• _Records supplied_
- - - -
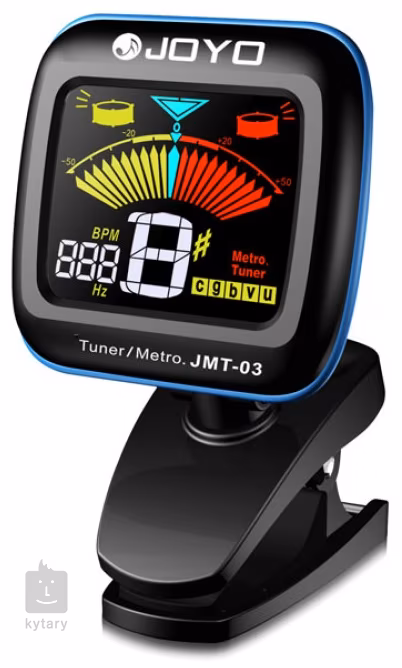 Joyo JMT-03 (rozpakowane) - Tuner z metronomem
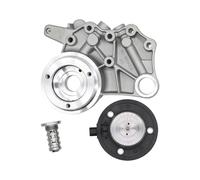 Jecoupoon 06L109259A Camshaft Bridge Bracket Magnet Adjuster Kit Compatible with A4 A6 Q5 TT Allroad GTI Camshaft Bridge Bracket Adjuster Magnet Solenoid Valve 06J103166A 06H103144J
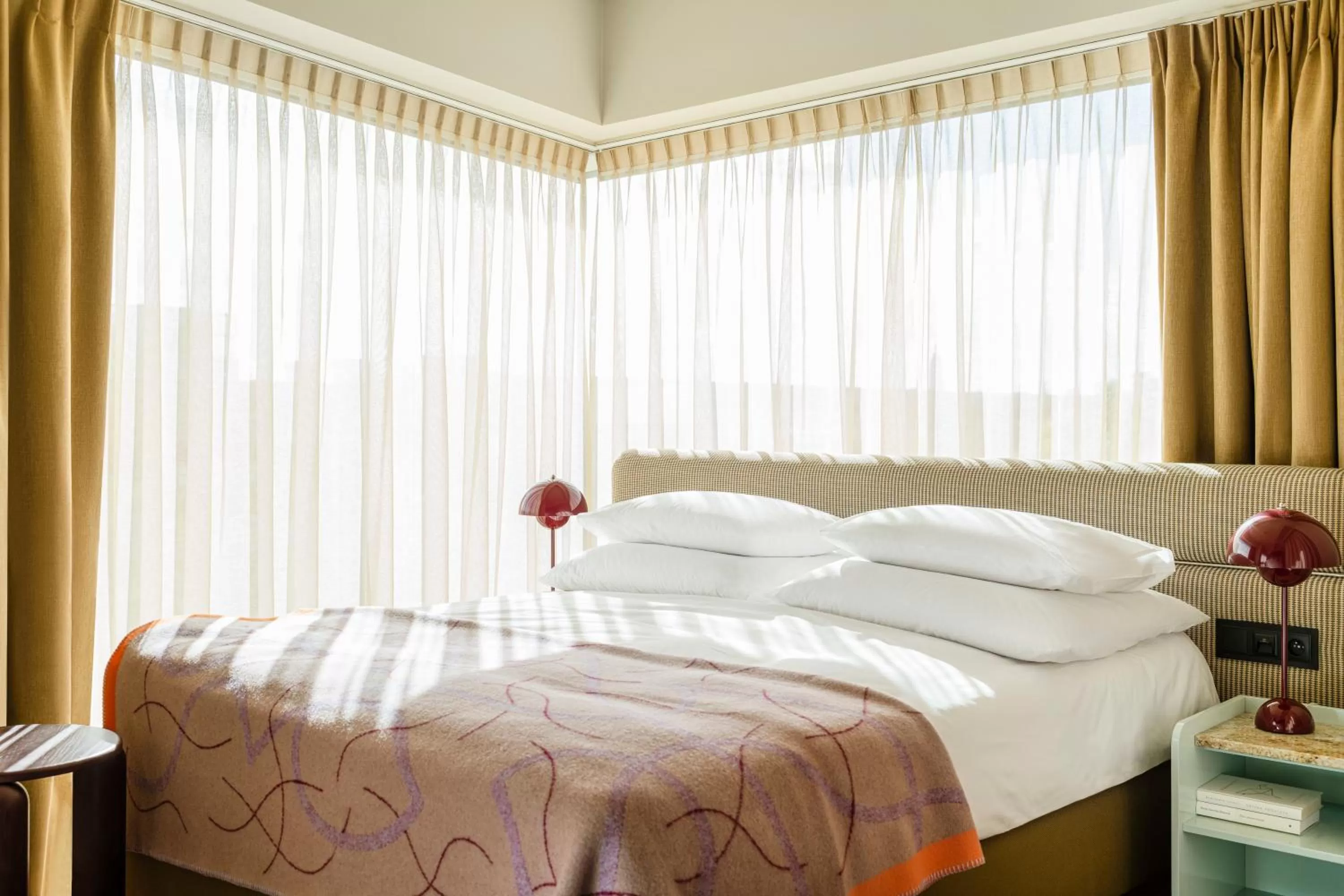 Deluxe Double Room in PURO Kraków Stare Miasto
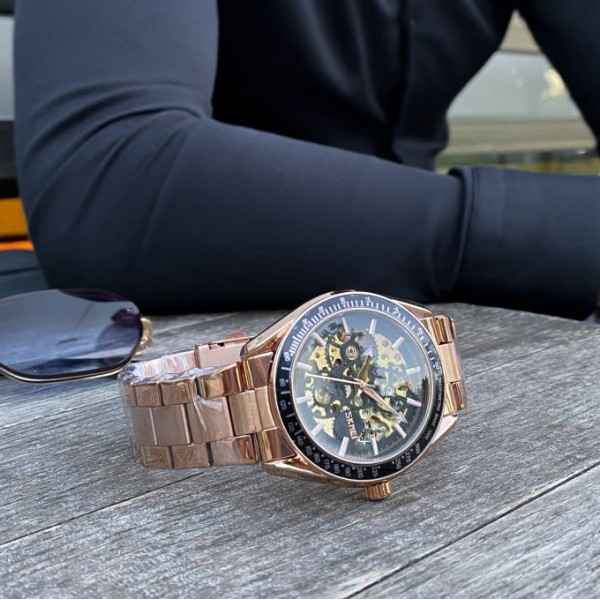 Skmei 9194RG Rose Gold - 3590802
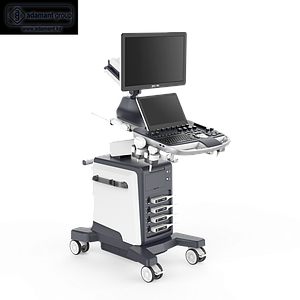 Цифровой стационарный УЗИ-сканер Zoncare ViV 60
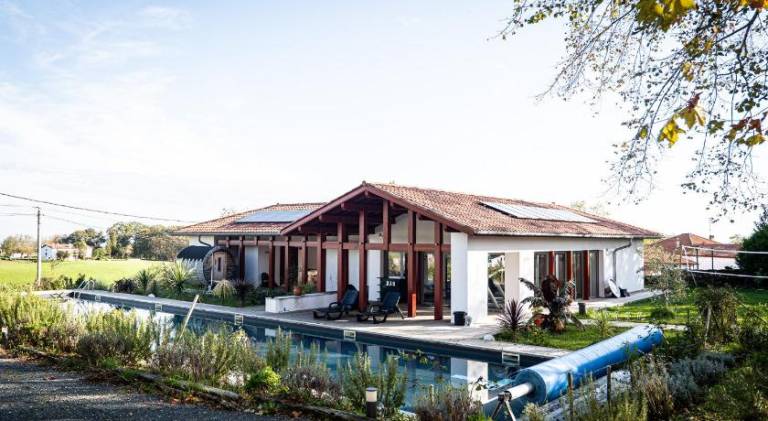 House with terrace, pool & sauna | Pet-friendly — photo 3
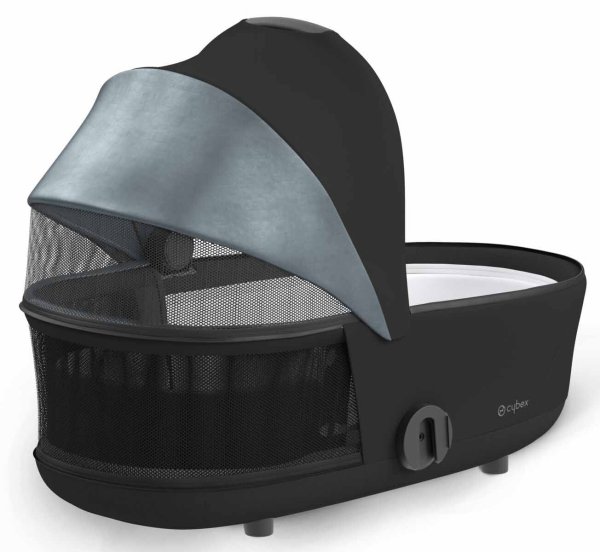 Cybex Спальный блок коляски Mios III / цвет Deep Black (черный)
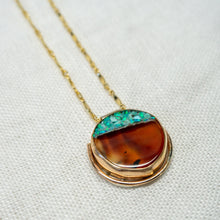 Load image into Gallery viewer, Oregon Carnelian Necklace No.3
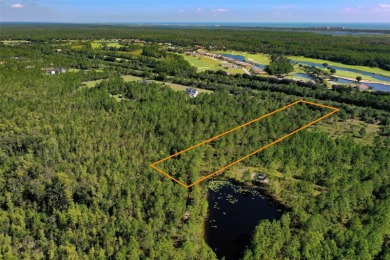 Beach Acreage Sale Pending in Palm Coast, Florida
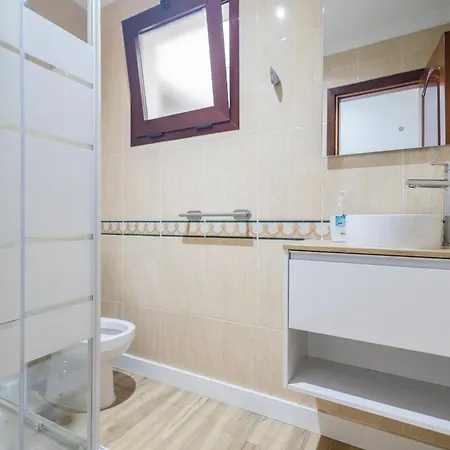 Ferienhaus 3br Poema Modern Flat *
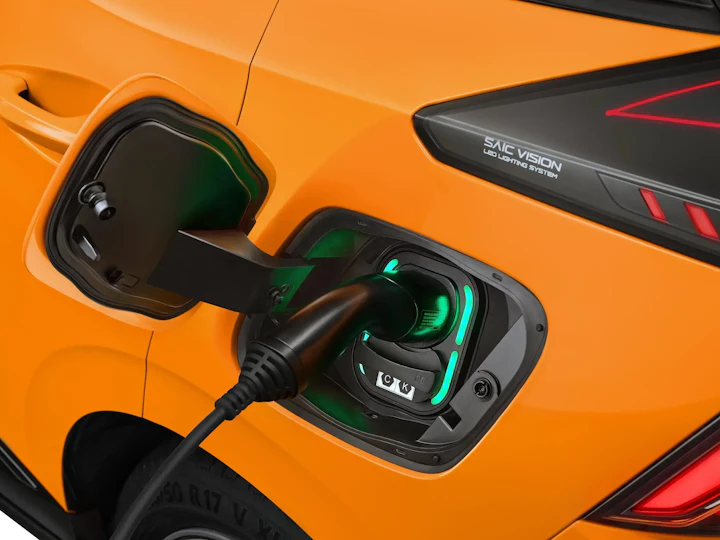 DC Fast Charging 3-Phase AC Charging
- - - -
• _Your instructions_
Each line of the listing above belongs in the answer exactly as written; the pictures do not.

• _Solution for this exercise_
 Joyo JMT-03 (rozpakowane) - Tuner z metronomem
 Jecoupoon 06L109259A Camshaft Bridge Bracket Magnet Adjuster Kit Compatible with A4 A6 Q5 TT Allroad GTI Camshaft Bridge Bracket Adjuster Magnet Solenoid Valve 06J103166A 06H103144J
 Deluxe Double Room in PURO Kraków Stare Miasto
 Skmei 9194RG Rose Gold - 3590802
 Цифровой стационарный УЗИ-сканер Zoncare ViV 60
 House with terrace, pool & sauna | Pet-friendly — photo 3
 Cybex Спальный блок коляски Mios III / цвет Deep Black (черный)
 Load image into Gallery viewer, Oregon Carnelian Necklace No.3
 Beach Acreage Sale Pending in Palm Coast, Florida
 Ferienhaus 3br Poema Modern Flat *
 DC Fast Charging 3-Phase AC Charging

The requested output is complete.